While this change behaves as a non-functional change for now, it shows the
required TTI plumbing, usage of this new hook in the vectoriser, and the
beginning of an ARM MVE implementation. I will follow up on this with:
- a complete MVE implementation, see D69845.
- a patch to disable this, i.e. we should respect "vector_predicate(disable)"
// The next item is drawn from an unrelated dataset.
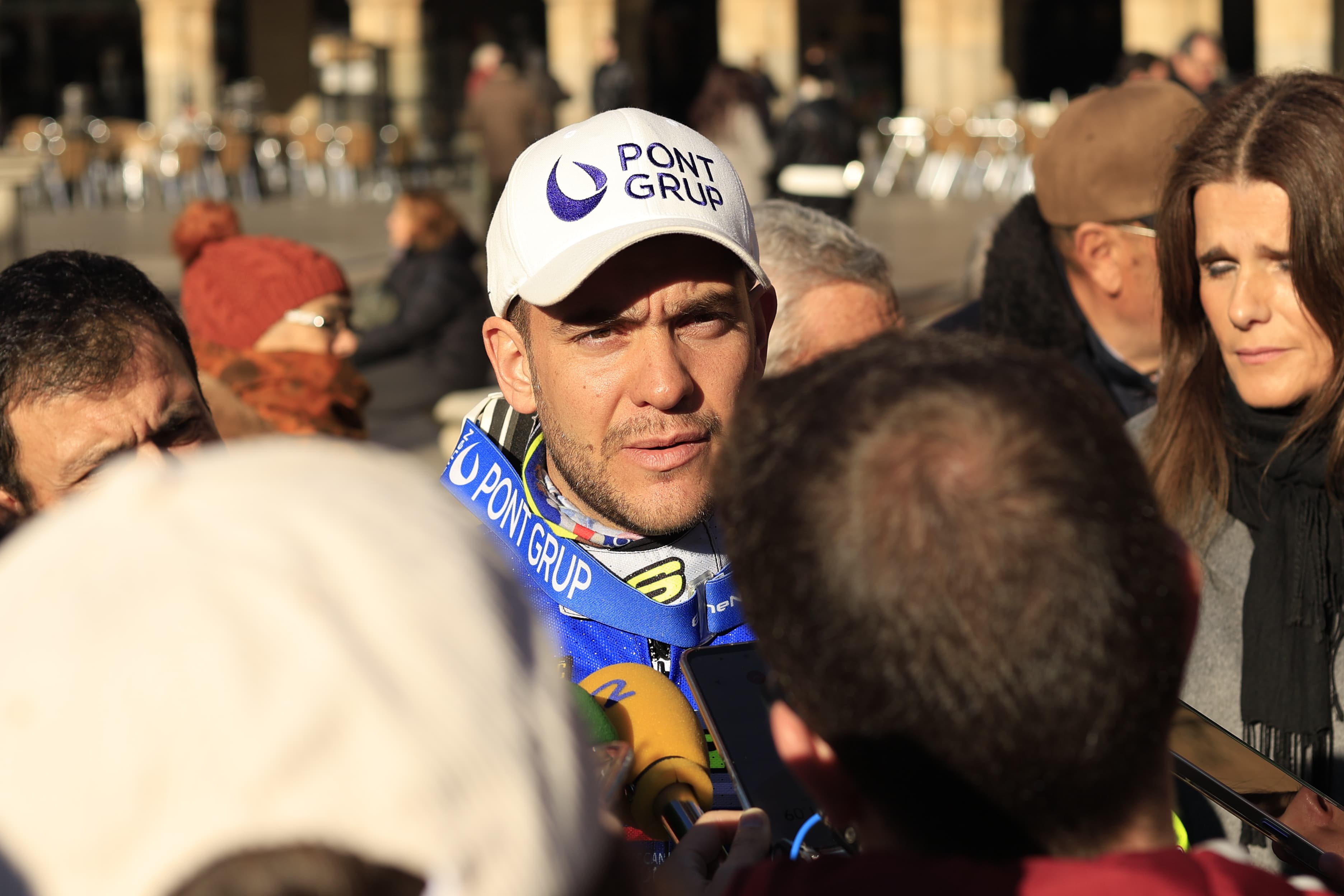 Lorenzo Santolino exhibirá la marca &#039;Salamanca&#039; en el Rally Dakar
and its corresponding loophint.
Differential Revision: https://reviews.llvm.org/D69040
Added:
llvm/test/Transforms/LoopVectorize/ARM/prefer-tail-loop-folding.ll
Modified:
llvm/include/llvm/Analysis/TargetTransformInfo.h
llvm/include/llvm/Analysis/TargetTransformInfoImpl.h
llvm/include/llvm/CodeGen/BasicTTIImpl.h
llvm/lib/Analysis/TargetTransformInfo.cpp
llvm/lib/Target/ARM/ARMTargetTransformInfo.cpp
llvm/lib/Target/ARM/ARMTargetTransformInfo.h
llvm/lib/Transforms/Vectorize/LoopVectorize.cpp
llvm/test/Transforms/LoopVectorize/ARM/tail-loop-folding.ll
Removed:
################################################################################
diff --git a/llvm/include/llvm/Analysis/TargetTransformInfo.h b/llvm/include/llvm/Analysis/TargetTransformInfo.h
index 54e15792cdc7..be385deb01fa 100644
--- a/llvm/include/llvm/Analysis/TargetTransformInfo.h
+++ b/llvm/include/llvm/Analysis/TargetTransformInfo.h
@@ -46,6 +46,7 @@ class Function;
class GlobalValue;
class IntrinsicInst;
class LoadInst;
+class LoopAccessInfo;
class Loop;
class ProfileSummaryInfo;
class SCEV;
@@ -518,6 +519,13 @@ class TargetTransformInfo {
TargetLibraryInfo *LibInfo,
HardwareLoopInfo &HWLoopInfo) const;
+ /// Query the target whether it would be prefered to create a predicated vector
+ /// loop, which can avoid the need to emit a scalar epilogue loop.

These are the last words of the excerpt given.